▶ REQUIRED ACTION
Give back every line of the material exactly. Skip the pictures.

▶ DATA RECORDS
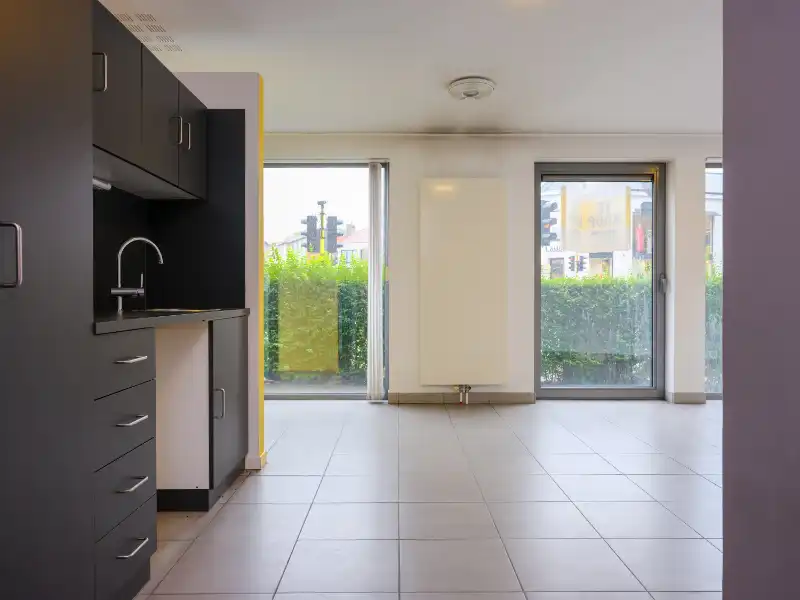 Instapklare kantoorruimte van 117m² te koop aangeboden via het Co-vast systeem. Eerste biedingsfase is bezig en stopt op 21 April 2026 om 15u. foto 4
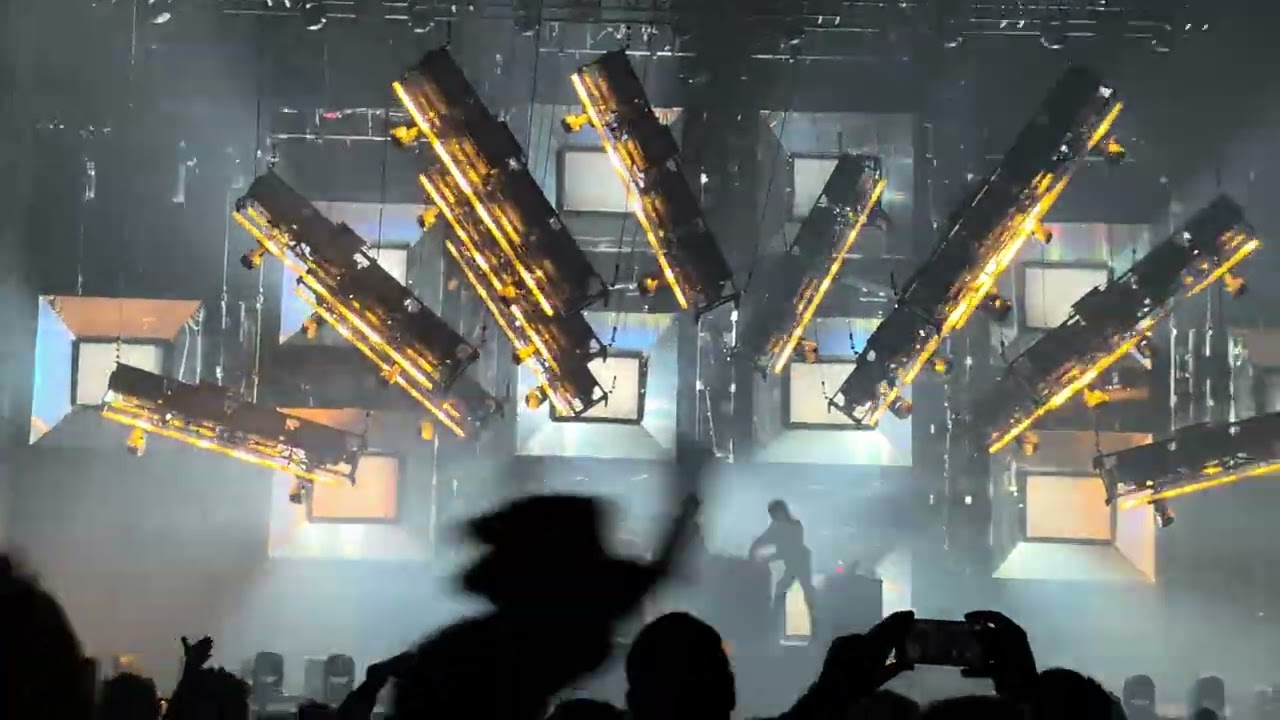 Justice - Neverender ft Tame Impala - Live at Alexandra Palace, London (11/02/2025) (HDR)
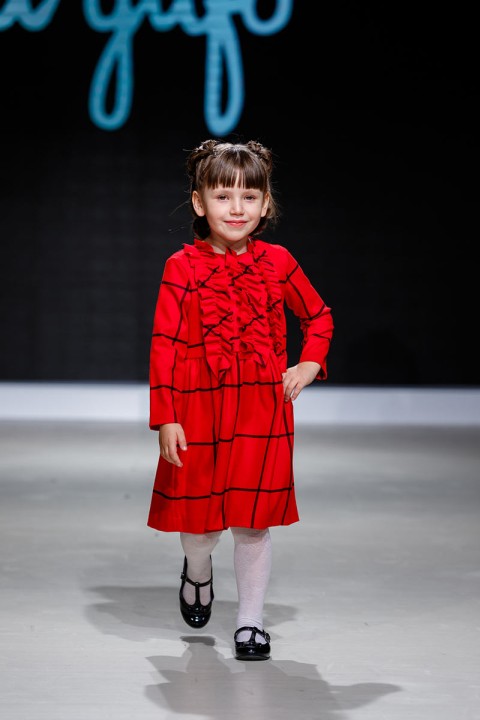 Роскошные коллекции от мировых брендов были представлены на Junior Fashion Week - 8 - изображение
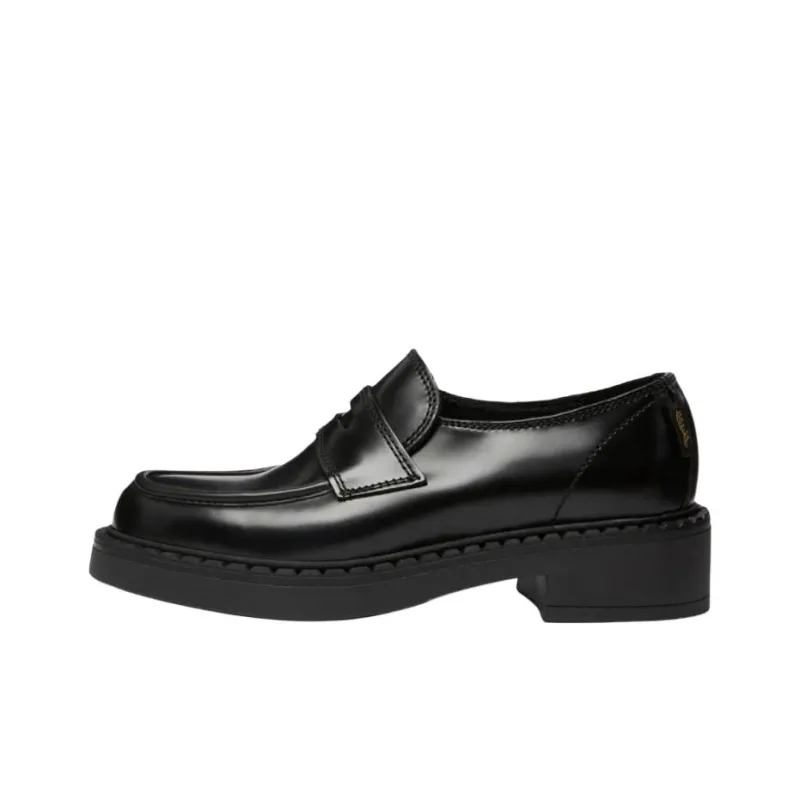G.H. Bass & Co. Albany II Loafers Women's Black-0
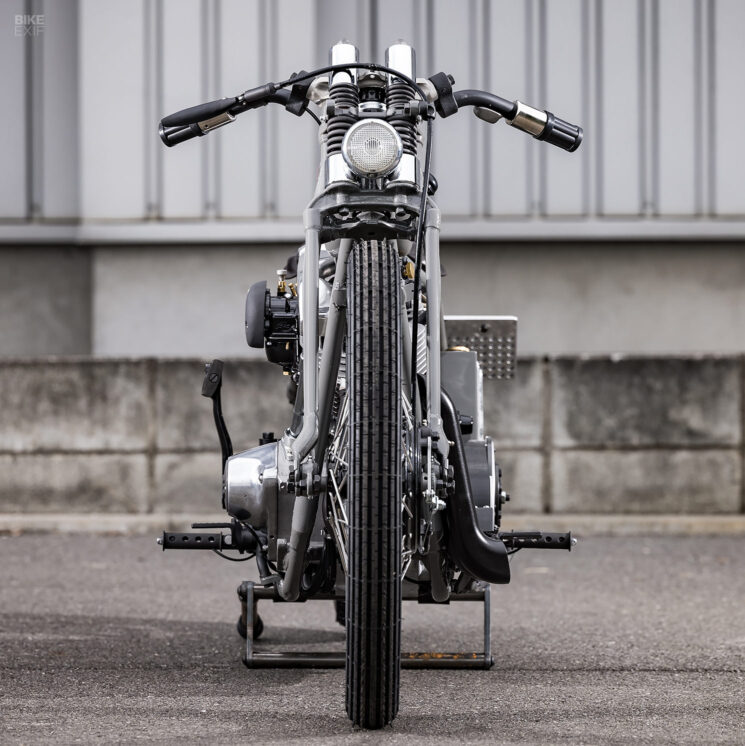 Planche de style piste Harley Shovelhead personnalisée par Infinity Japan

▶ WRITTEN RESPONSE
 Instapklare kantoorruimte van 117m² te koop aangeboden via het Co-vast systeem. Eerste biedingsfase is bezig en stopt op 21 April 2026 om 15u. foto 4
 Justice - Neverender ft Tame Impala - Live at Alexandra Palace, London (11/02/2025) (HDR)
 Роскошные коллекции от мировых брендов были представлены на Junior Fashion Week - 8 - изображение
G.H. Bass & Co. Albany II Loafers Women's Black-0
 Planche de style piste Harley Shovelhead personnalisée par Infinity Japan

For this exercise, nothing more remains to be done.